Se fosses um ingrediente, qual seria e porquê?
A resposta pode ser cliché, mas seria sal. O sal torna tudo melhor, torna a comida mais feliz, até as sobremesas. E eu gosto muito de fazer as pessoas felizes.
Qual é a tendência gastronómica atual que menos te agrada e porquê?
Os menus serem em QR Code. Adoro ver menus, adoro tocar e perceber como pensa a equipa no geral, a equipa do design e mesmo como pensa o chefe na sua estruturação. Faz-me sentir um pouco mais próximo do restaurante.
Quando vais a um restaurante de fast food, qual é o teu pedido habitual?
Ultimamente tenho estado muito virado para o frango frito, talvez pelo bichinho de um projeto num futuro próximo.
O que gostas de cozinhar quando estás em casa, longe do trabalho?
Quando tenho muito tempo, ramen é claramente a minha comida de conforto para os dias de inverno. Quando tenho pouco tempo, arroz frito com um ovo estrelado, molho de soja, cebolete e já está. Também gosto muito de ao domingo, abrir um dos meus livros de cozinha ao calhas, ver um prato e ir às compras.
Que música não pode faltar na playlist da tua cozinha?
“Sultans of Swing” dos Dire Straits e “Só Queria Sorrir” do Slow J.
Qual foi o maior elogio que já recebeste por um prato que criaste?
Em 2023, no concurso Cozinheiro do Ano na Alemanha, a nossa caixa misteriosa trouxe perna de veado. Recorri ao YouTube para aprender a trabalhar aquela peça e liguei a um antigo chefe para confirmar as técnicas e pedir algumas dicas. No dia seguinte, no momento da verdade, servi o prato a um chefe duas estrelas, o Martin Klein, do Hangar-7. Ao prová-lo, ele disse ao microfone: “Se isto não é lombo de veado, tiro a jaleca e vou embora.” A razão? A carne estava tão bem trabalhada e tenra que ele não acreditava que pudesse ser perna de veado. No final, acabei por vencer. Ele deu-me um abraço e disse que foi a melhor perna de veado que já tinha comido – tanto pelo molho e pelo ragout como pela parte rosada.
Qual é o som mais satisfatório na cozinha para ti?

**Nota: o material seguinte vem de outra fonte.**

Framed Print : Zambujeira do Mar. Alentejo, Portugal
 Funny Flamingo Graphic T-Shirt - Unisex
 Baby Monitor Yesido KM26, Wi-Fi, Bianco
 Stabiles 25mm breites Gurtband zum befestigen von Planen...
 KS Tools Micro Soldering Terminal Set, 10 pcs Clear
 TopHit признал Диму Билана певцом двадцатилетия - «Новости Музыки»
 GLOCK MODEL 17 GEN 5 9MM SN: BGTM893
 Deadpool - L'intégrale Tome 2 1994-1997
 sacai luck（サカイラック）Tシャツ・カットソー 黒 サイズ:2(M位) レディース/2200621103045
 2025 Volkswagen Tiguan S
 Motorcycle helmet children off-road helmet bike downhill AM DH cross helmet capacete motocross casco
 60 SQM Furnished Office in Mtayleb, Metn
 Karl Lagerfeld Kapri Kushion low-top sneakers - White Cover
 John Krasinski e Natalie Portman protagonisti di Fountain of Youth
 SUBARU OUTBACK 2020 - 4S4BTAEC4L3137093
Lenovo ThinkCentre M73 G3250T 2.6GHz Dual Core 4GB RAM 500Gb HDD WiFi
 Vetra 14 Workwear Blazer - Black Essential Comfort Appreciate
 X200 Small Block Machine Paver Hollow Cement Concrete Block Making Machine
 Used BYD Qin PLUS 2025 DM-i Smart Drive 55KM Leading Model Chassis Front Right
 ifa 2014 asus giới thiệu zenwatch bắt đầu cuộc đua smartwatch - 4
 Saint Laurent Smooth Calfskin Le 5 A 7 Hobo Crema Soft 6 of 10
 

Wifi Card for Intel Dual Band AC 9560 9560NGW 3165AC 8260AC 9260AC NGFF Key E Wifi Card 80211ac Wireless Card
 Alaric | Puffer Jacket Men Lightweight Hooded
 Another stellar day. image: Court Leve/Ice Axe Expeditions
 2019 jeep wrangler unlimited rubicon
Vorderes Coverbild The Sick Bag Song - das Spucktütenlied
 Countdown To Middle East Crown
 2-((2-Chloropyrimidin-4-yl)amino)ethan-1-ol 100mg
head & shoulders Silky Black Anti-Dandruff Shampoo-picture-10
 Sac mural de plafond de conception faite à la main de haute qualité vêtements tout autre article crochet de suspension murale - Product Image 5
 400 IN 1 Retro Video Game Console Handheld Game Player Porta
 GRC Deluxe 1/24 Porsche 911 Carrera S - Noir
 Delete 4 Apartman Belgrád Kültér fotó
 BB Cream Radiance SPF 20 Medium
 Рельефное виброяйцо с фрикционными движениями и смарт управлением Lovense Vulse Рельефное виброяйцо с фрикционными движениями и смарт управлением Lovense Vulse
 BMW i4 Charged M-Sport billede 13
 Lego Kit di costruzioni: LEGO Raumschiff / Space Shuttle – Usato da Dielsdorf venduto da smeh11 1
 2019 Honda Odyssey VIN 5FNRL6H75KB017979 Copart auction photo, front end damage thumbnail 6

Adoro quando alguém tenta imitar o som de uma bimby, diz “metes o sal e deixas triturar, trrrrrrrrr. Colocas azeite e a cebola e deixas refogar e faz pshhhhhh”. Mas em termos de cozinha pura, adoro o som de um bife a corar e virar e ver a cor dele, a reação maillard, colocar manteiga e banhá-lo em manteiga, o som, o cheiro é algo que me faz relembrar o quão bonito é cozinhar.
Se pudesses reivindicar a criação de um prato da cozinha portuguesa ou mundial, qual seria?
De cozinha portuguesa, o cozido à portuguesa. Da cozinha mundial, Linguado à Meunière.
Que restaurante tradicional português acreditas que merecia uma estrela Michelin?
Essa é uma pergunta para um milhão de euros! Se o Guia Michelin aplicasse em Portugal os mesmos critérios que usa na Tailândia, restaurantes como O Velho Eurico, em Lisboa, a Gazela, no Porto, e a Garagem 33, em Braga, certamente receberiam estrelas. São espaços que primam pelo produto, pelo sabor e por uma técnica incrível.
Qual é o teu maior sonho enquanto chefe de cozinha?
Ter uma equipa feliz, um restaurante cheio todos os dias e criar ligações neste mundo gastronómico incrível. E, como objetivo pessoal, ouvir o meu nome numa gala Michelin, subir ao palco e vestir a jaleca com uma ou duas estrelas bordadas.